Pengaruh Kolonial dan Perkembangan Sanitasi
Masuknya kolonialisme Belanda ke Indonesia membawa serta perubahan di berbagai aspek kehidupan, termasuk sanitasi. Bangsa Eropa lebih familiar dengan WC duduk (flush toilet). Toilet duduk mulai diperkenalkan di gedung-gedung pemerintahan, rumah-rumah elite, dan fasilitas umum yang dibangun oleh Belanda. Namun, penggunaannya tidak serta merta diadopsi oleh masyarakat luas. Ada beberapa alasan, di antaranya adalah biaya yang mahal dan perbedaan kebiasaan.
WC duduk saat itu dianggap sebagai barang mewah. Sementara itu, WC jongkok jauh lebih murah dan mudah dibuat, hanya membutuhkan semen dan keramik sederhana. Selain itu, penggunaan air untuk membersihkan diri juga menjadi faktor. Masyarakat Indonesia terbiasa menggunakan air dan tangan untuk membersihkan diri setelah buang air, sementara toilet duduk awalnya didesain untuk penggunaan tisu. Kebiasaan ini membuat toilet jongkok lebih cocok dengan praktik kebersihan yang sudah ada.

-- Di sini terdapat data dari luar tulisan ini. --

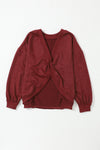 Fiery Red Exposed Seam Twist Open Back Oversized Sweatshirt-Tops-MomFashion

Modernisasi dan Koeksistensi Dua Jenis Toilet
Setelah kemerdekaan, pembangunan dan modernisasi terus berjalan. Toilet duduk semakin populer, terutama di hotel, apartemen, perkantoran, dan rumah-rumah di kota besar. Namun, WC jongkok tidak lantas menghilang. Keduanya hidup berdampingan. Toilet duduk dianggap lebih higienis karena tidak perlu kontak langsung dengan bagian dudukan, tetapi WC jongkok tetap menjadi pilihan utama di banyak tempat.